1. **sub2api access path on pop-os goes through a tunnel** — `sub2api-tunnel.py` listens locally and forwards to instance. Any client config on pop-os pointing at `http://localhost:8090` is actually hitting `100.108.123.60:8090`. Worth noting in setup docs to avoid confusion when debugging.

2. **Two Traefik proxies, two roles** — both VMs run `traefik:v3.1` named `coolify-proxy` on `:80/:443/:8080`. The one on coolify-master fronts the Coolify UI; the one on the instance fronts deployed apps. They are independent.

3. **Nezha monitor coverage gaps** — based on `master.md` monitor list, there is no probe for:
   - `grok-register` (port 5000)
   - `v2ray-proxy-manager` (port 3001)
   - `tg-filter` (no HTTP endpoint — needs a synthetic check)
   - `hermes-gateway` / WhatsApp bridge (`:3100`)
   - `openclaw-gateway` (`:18789`)
   - Public Coolify-deployed domains (`1000saas.xyz`, `githubuilder.com`) — they would catch the current "exited" state immediately.

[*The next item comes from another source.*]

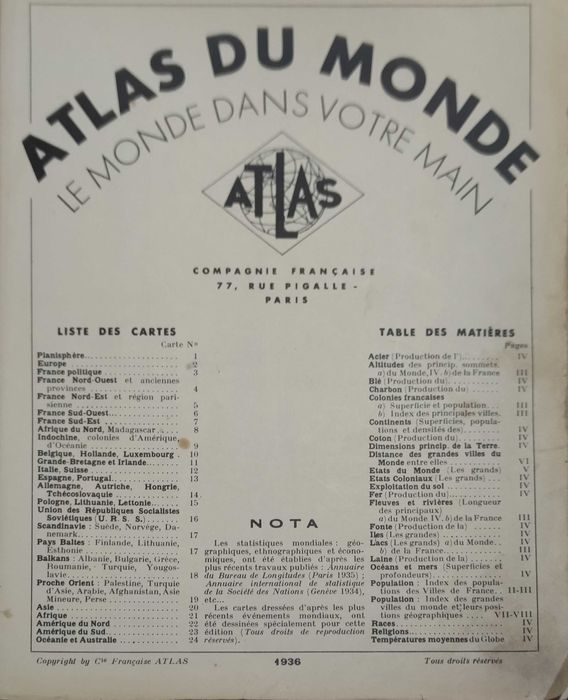 Atlas do mundo, Le Monde dans votre mains, 1936,  Livro raro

4. **Tailscale Caddy HTTPS table is correct** (verified live against the Caddy admin API at `127.0.0.1:2019`). All four reverse-proxy entries match.

---

## Proposed doc updates

1. Apply the fixes inline to `master.md`:
   - Correct the `poeReg2api` row (remove from public port table or fix the port).
   - Add WhatsApp bridge port `3100` and OpenClaw `18791` to the pop-os port map.
   - Add `sub2api-tunnel` row under pop-os services.
   - Add `tg-filter` setup-doc link (create the doc).
   - Add a "Coolify Deployed Apps" subsection under `coolify-master` listing the 5 apps and noting their target is the instance VM.
   - Move `imgbed` row under coolify-master deployments and cross-link from the instance section.
   - Add the 4 fundamental-analysis cron entries to the Scheduled Jobs table (or split into a "User crontab" subsection so it's clear they are **not** managed by `openclaw cron`).
2. Create `tg-filter/tg-filter-setup.md` documenting the container's env, ingest schedule, and external dependencies (Neon, Upstash).
3. Add a Nezha probe for each gap listed in #3 above.

Once those are done, `master.md` will once again be the source of truth.